Dans l'imaginaire collectif, les informaticiens forment une élite privilégiée. Pourtant, derrière l'écran, le mythe n'est bien souvent qu'une atteinte au droit du travail.

Aujourd'hui le prestige de l'ingénieur est écorné au profit de l'ENA.


Les SCI (sociétés de conseil en informatique) des années 1970 laissent la place aux SSII (sociétés de services en ingénierie informatique) dans les années 1980 et à un recours généralisé à la sous-traitance dans les années 1990. Les conditions de travail de l'informaticien en SSII se dégradent, il voit bien qu'il ne fait pas partie de l'élite comme on le lui a fait croire en école d'ingénieur. Au contraire, il se voit confiné à des basses œuvres techniques sans aucun pouvoir de décision et subit un management méprisant à son égard.

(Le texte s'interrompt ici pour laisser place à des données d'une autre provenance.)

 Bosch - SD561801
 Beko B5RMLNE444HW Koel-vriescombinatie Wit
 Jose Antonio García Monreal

Cela résulte du fait que l'informaticien est placé en régie chez le client. Beaucoup de SSII dont de simples loueurs de main-d'œuvre et non de vrais fournisseurs de services, c'est-à-dire de véritables sociétés d'expertise.

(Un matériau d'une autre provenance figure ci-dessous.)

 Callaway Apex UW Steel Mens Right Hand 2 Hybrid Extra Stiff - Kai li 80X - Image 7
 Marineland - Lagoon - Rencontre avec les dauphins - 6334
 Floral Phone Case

Le prêt de main-d'œuvre est rigoureusement encadré par le droit du travail, et n'est légal que dans le cadre du travail temporaire, sinon il s'agit d'un délit de marchandage. Pourtant, des fortunes se sont faites grâce à cela. De cette exception découle un encadrement particulier, pervertissant l'ordre hiérarchique. Ainsi, les ingénieurs (diplômés bac + 5) sont encadrés par des commerciaux (bac + 2), ce qui condamne la production à dépendre de la force de vente. Une fois le commercial imposé comme le supérieur hiérarchique, la créativité est reléguée au second plan, au profit de la rentabilité. Le savoir n'est plus valorisé.


Avec 2 % de syndicalisation, la mobilisation du secteur reste encore à inventer.